§ THE DATA:
::::::::::

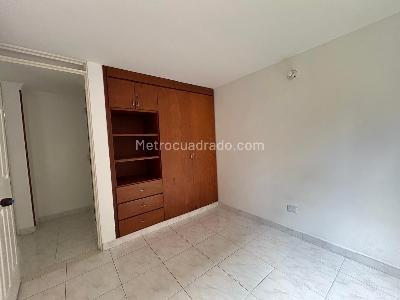 Apartamento de 3 alcobas en venta en Plazas Del Bosque, Ibagué, 57 m² · foto 8 de 18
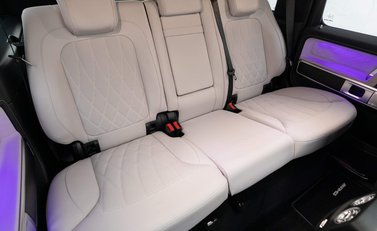 Mercedes-Benz G Series G 400 D 4MATIC AMG LINE PREMIUM PLUS 9
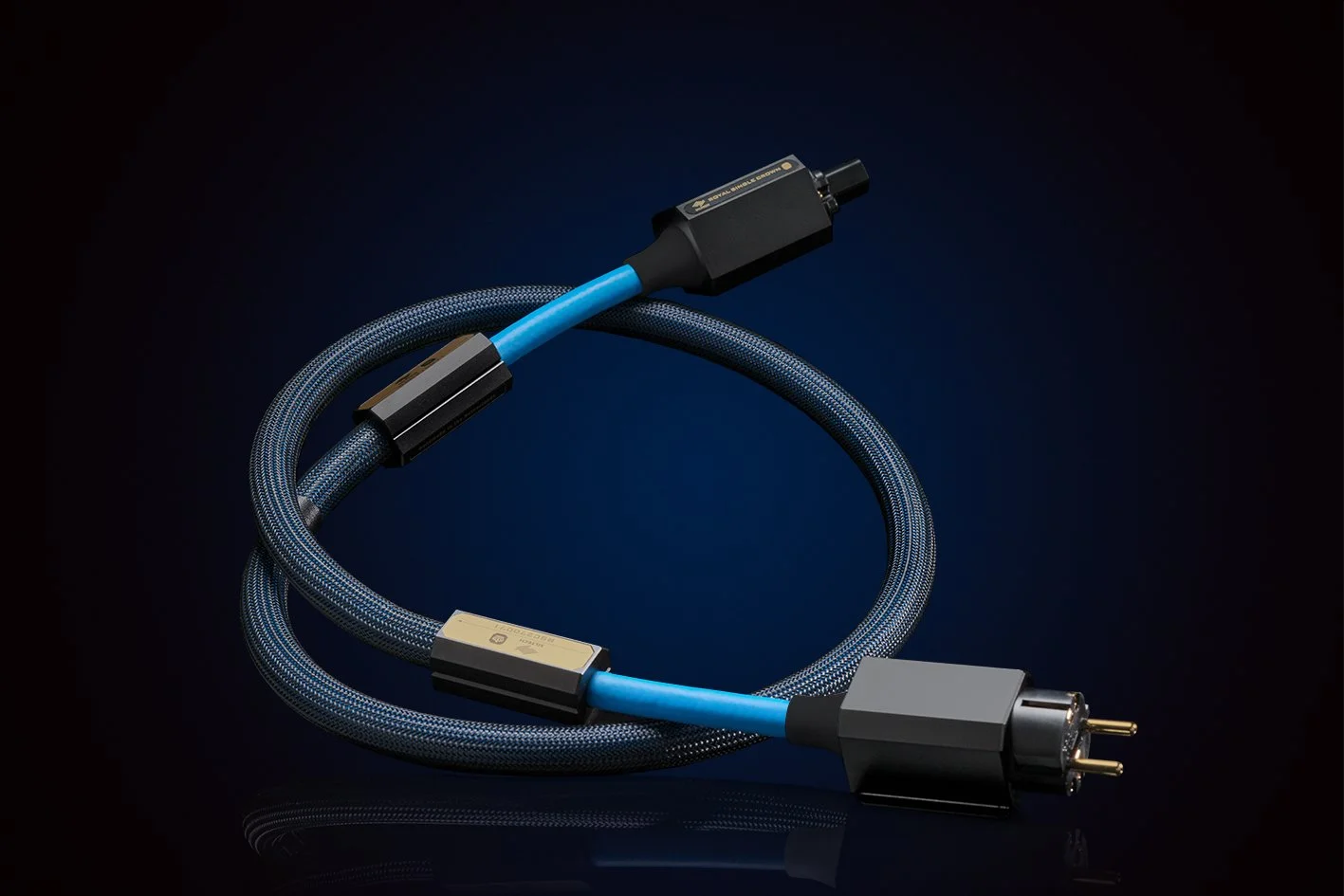 Siltech-Royal-Single-Crown-Power-Cable-2.jpg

::::::::::

§ EXERCISE OBJECTIVE: Give the data again exactly as written, with no pictures included.

§ ANSWER FOR THIS EXERCISE:
 Apartamento de 3 alcobas en venta en Plazas Del Bosque, Ibagué, 57 m² · foto 8 de 18
 Mercedes-Benz G Series G 400 D 4MATIC AMG LINE PREMIUM PLUS 9
 Siltech-Royal-Single-Crown-Power-Cable-2.jpg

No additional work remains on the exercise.